Der Onlinehändler hat in den vergangenen zwei Jahren in ganz Deutschland Verteilzentren aufgebaut. Die Paketboten tragen zwar Amazon-Jacken und steuern auch Wagen mit Amazon-Logo, angestellt sind sie jedoch bei Subunternehmern; manchmal sind sie komplett als Selbstständige unterwegs. Auch Hermes und DPD haben nur wenige festangestellte Paketboten und gerieten für die Zustände bei ihren Subunternehmern in der Vergangenheit immer wieder in die Kritik. Doch die Zusammenarbeit mit den Subunternehmern ist für die Paketdienste günstiger und auch flexibler, als die Boten direkt anzustellen. Außerdem lassen sich in Deutschland nur wenige Arbeitnehmer finden, die zu diesen Konditionen arbeiten wollen.

Häufig werben die Subunternehmer daher auch Arbeitskräfte aus Osteuropa und auch aus Ländern außerhalb der EU an, berichtet Verdi. Diese Zusteller und Zustellerinnen sprechen häufig nur wenig Deutsch und seien deshalb besonders in Gefahr, in prekäre Arbeitsbedingungen zu geraten. „Die Menschen, die hier hinkommen, können sich dann keine Wohnung und keine Miete leisten“, sagt Kocsis. Stattdessen hausten sie häufig in Wohncontainern, zu dritt oder viert in einem Zimmer von zehn Quadratmetern. Es gebe Fälle, in denen kranken Zustellern die Lohnfortzahlung verweigert würden. Manche Zusteller müssten sogar „Essen im Müll suchen“, berichtet Kocsis.

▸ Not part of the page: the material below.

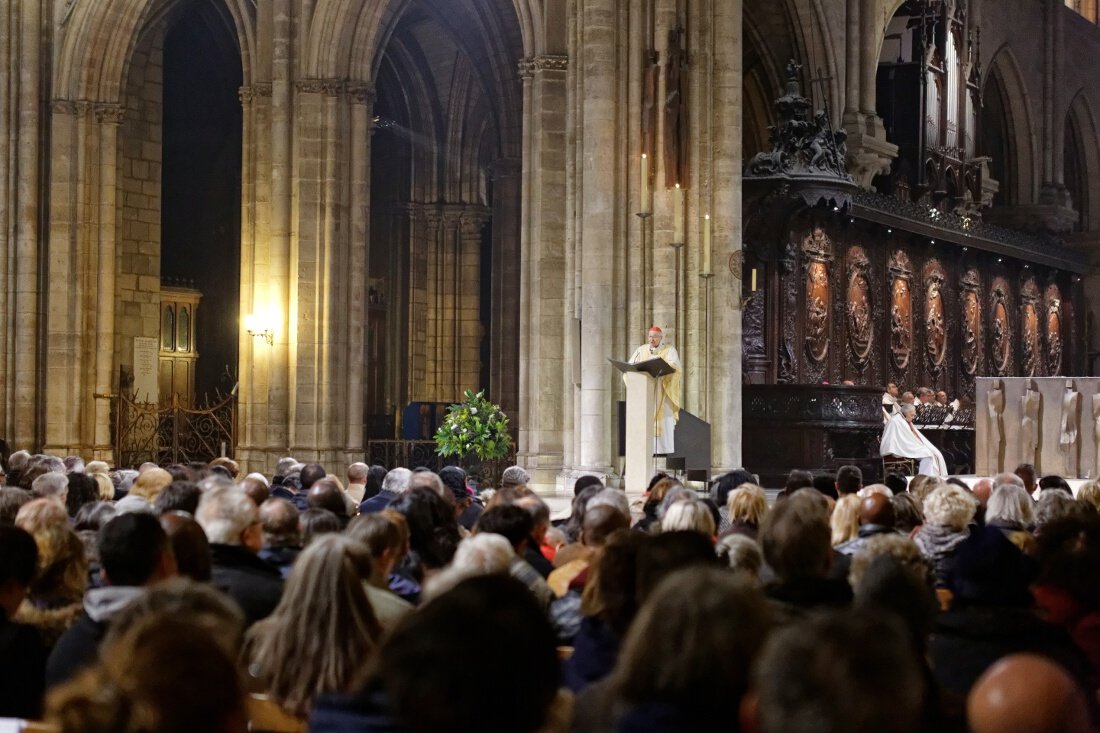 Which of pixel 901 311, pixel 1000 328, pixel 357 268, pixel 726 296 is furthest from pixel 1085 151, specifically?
pixel 726 296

Die prekären Bedingungen in diesem Teil der Branche setzt selbst die Anbieter unter Druck, die vor allem festangestellte Zusteller haben. „Der Kostendruck durch Mitbewerber wie Amazon wird immer stärker und führt dazu, dass andere sich anpassen müssen“, sagt etwa Hartmut Schul, Gesamtbetriebsratsvorsitzender von FedEx. Als im Mai der Haustarifvertrag von FedEx in Deutschland auslief, habe sich das Unternehmen wegen des steigenden Kostendrucks gegen eine Verlängerung gesperrt. Nun arbeiten die FedEx-Beschäftigen stattdessen nach den Bedingungen der Logistikflächentarifverträgen, sagt Schul. Für viele Angestellte bedeute das eine Verschlechterung beim Arbeitsschutz und auch den Finanzen.

Amazon wehrt sich gegen die Vorwürfe. Als bekannter Name sei Amazon „zur Projektionsfläche für Organisationen geworden, die Aufmerksamkeit für ihre Themen suchen“, sagte ein Unternehmenssprecher. „Tatsächlich entsprechen die Aussagen nicht der Wirklichkeit der Tausenden an Menschen, die bei Lieferpartnern in ganz Deutschland beschäftigt sind.“ So müssen die Amazon-Boten laut Vertrag pro Stunde und nicht pro Paket bezahlt werden, der Einstiegslohn liege bei 12 Euro. Außerdem führe Amazon regelmäßig Kontrollen bei Subunternehmern durch, so der Sprecher. Bei Problemen könnten sich die Zusteller und Zustellerinnen auch in ihrer Sprache an eine Hotline wenden.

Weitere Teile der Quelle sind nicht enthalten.